=== Begin Enclosure ===

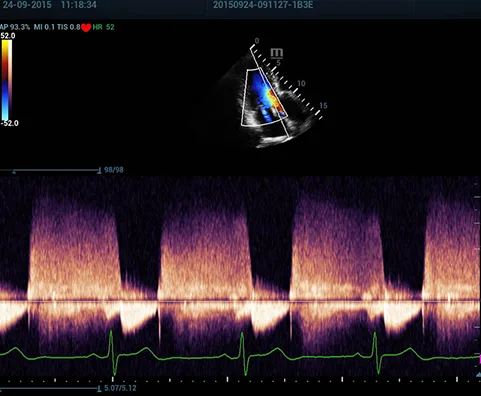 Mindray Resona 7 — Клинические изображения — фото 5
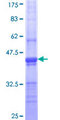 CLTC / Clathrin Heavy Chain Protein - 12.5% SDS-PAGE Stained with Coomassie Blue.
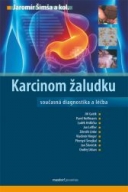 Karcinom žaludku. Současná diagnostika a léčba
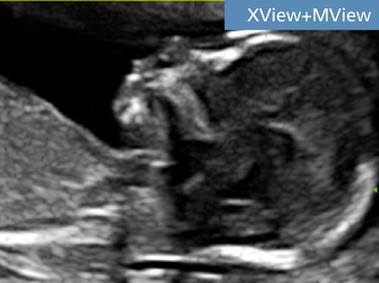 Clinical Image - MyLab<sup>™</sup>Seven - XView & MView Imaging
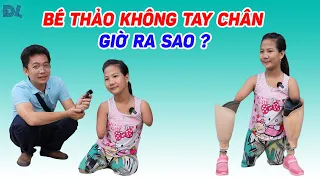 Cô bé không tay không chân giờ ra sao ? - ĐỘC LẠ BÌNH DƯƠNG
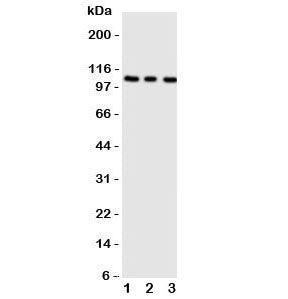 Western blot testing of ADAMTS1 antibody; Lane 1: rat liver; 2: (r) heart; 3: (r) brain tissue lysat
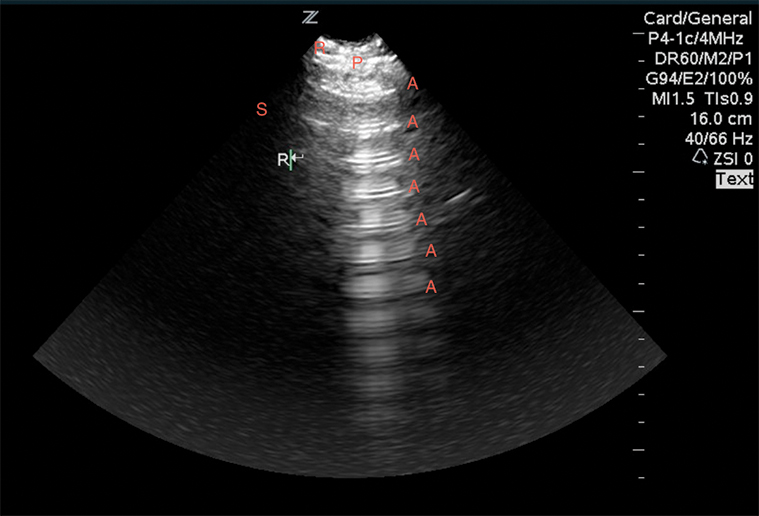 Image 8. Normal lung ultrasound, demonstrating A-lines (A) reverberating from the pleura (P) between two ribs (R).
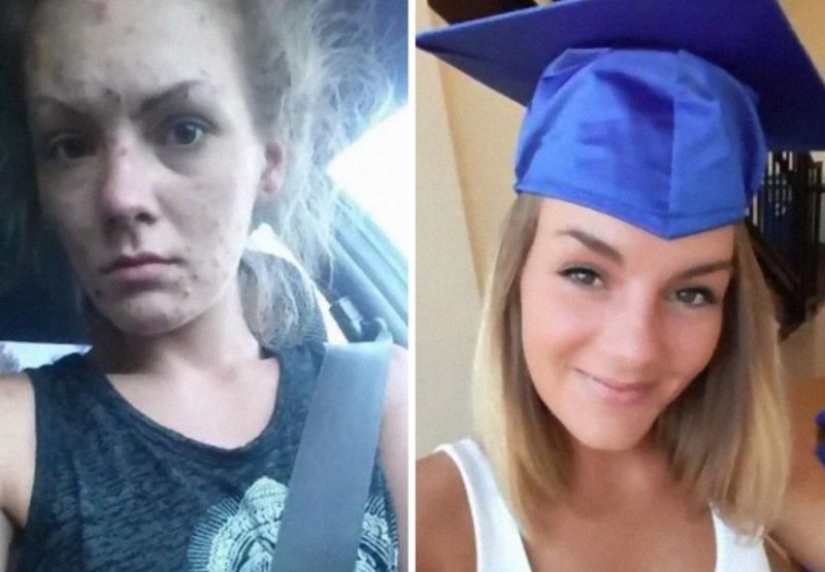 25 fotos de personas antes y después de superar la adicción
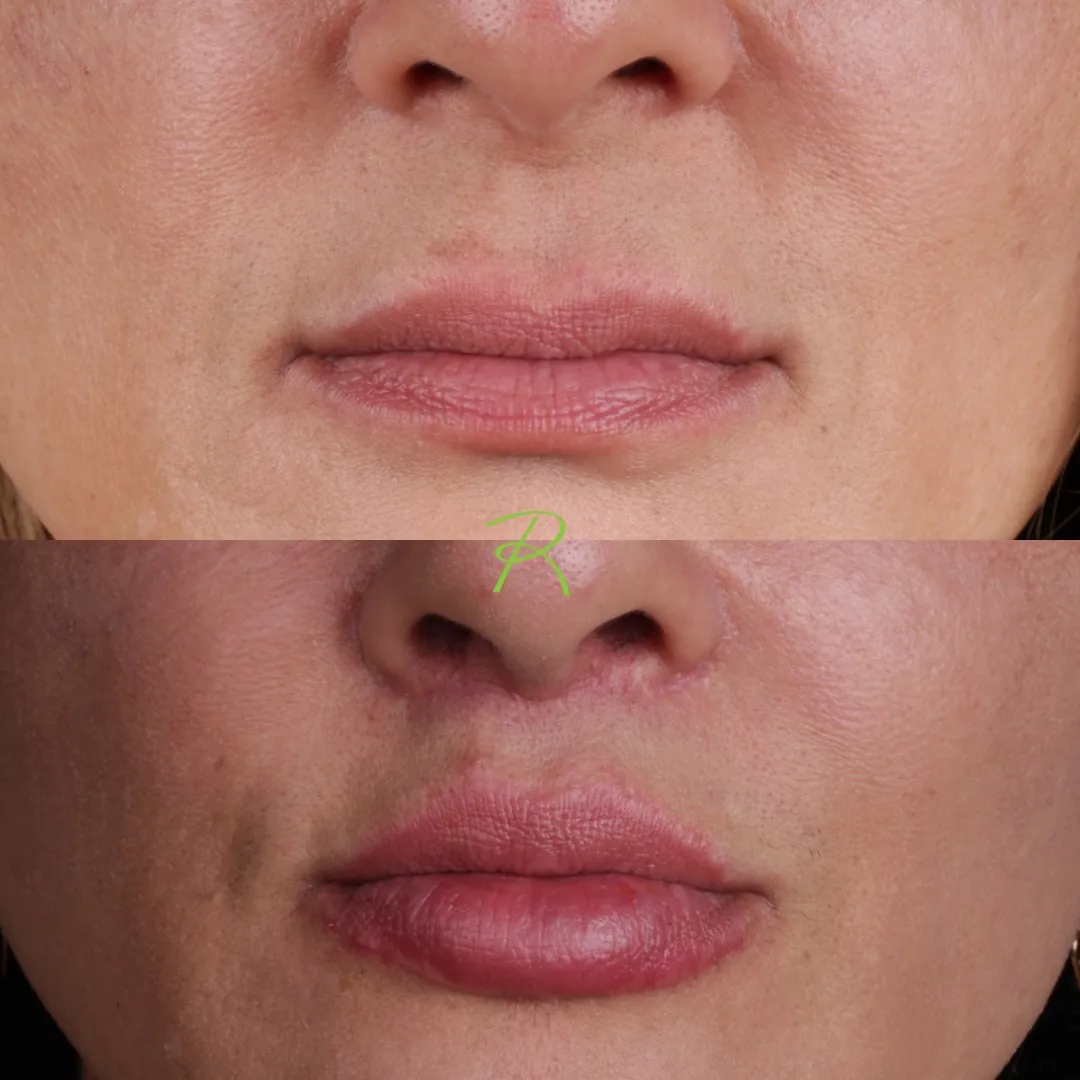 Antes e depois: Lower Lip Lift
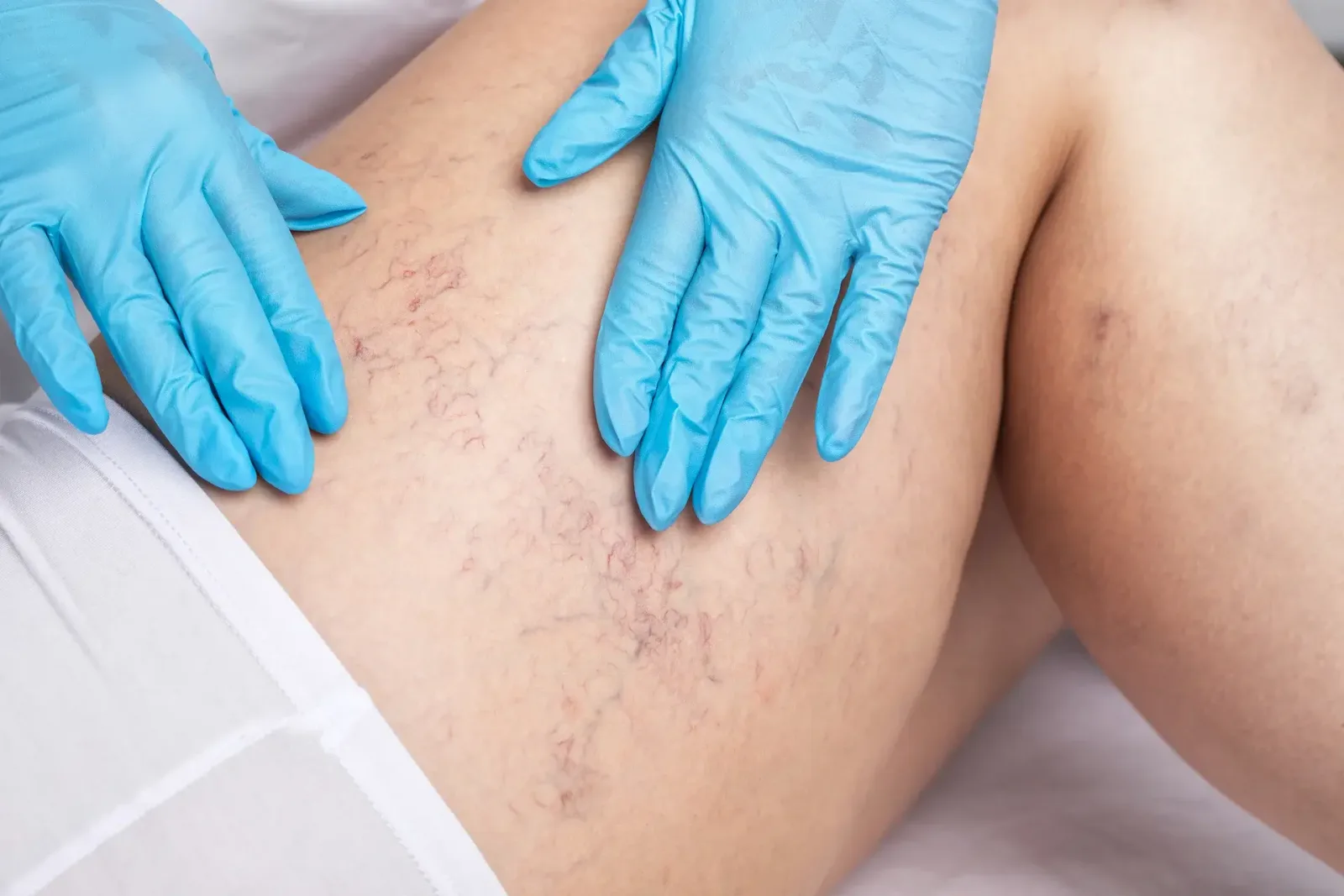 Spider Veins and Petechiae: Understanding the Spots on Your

=== End Enclosure ===

Give back an exact reproduction of the entries, with all pictures excluded.

 Mindray Resona 7 — Клинические изображения — фото 5
 CLTC / Clathrin Heavy Chain Protein - 12.5% SDS-PAGE Stained with Coomassie Blue.
 Karcinom žaludku. Současná diagnostika a léčba
 Clinical Image - MyLab<sup>™</sup>Seven - XView & MView Imaging
 Cô bé không tay không chân giờ ra sao ? - ĐỘC LẠ BÌNH DƯƠNG
 Western blot testing of ADAMTS1 antibody; Lane 1: rat liver; 2: (r) heart; 3: (r) brain tissue lysat
 Image 8. Normal lung ultrasound, demonstrating A-lines (A) reverberating from the pleura (P) between two ribs (R).
 25 fotos de personas antes y después de superar la adicción
 Antes e depois: Lower Lip Lift
 Spider Veins and Petechiae: Understanding the Spots on Your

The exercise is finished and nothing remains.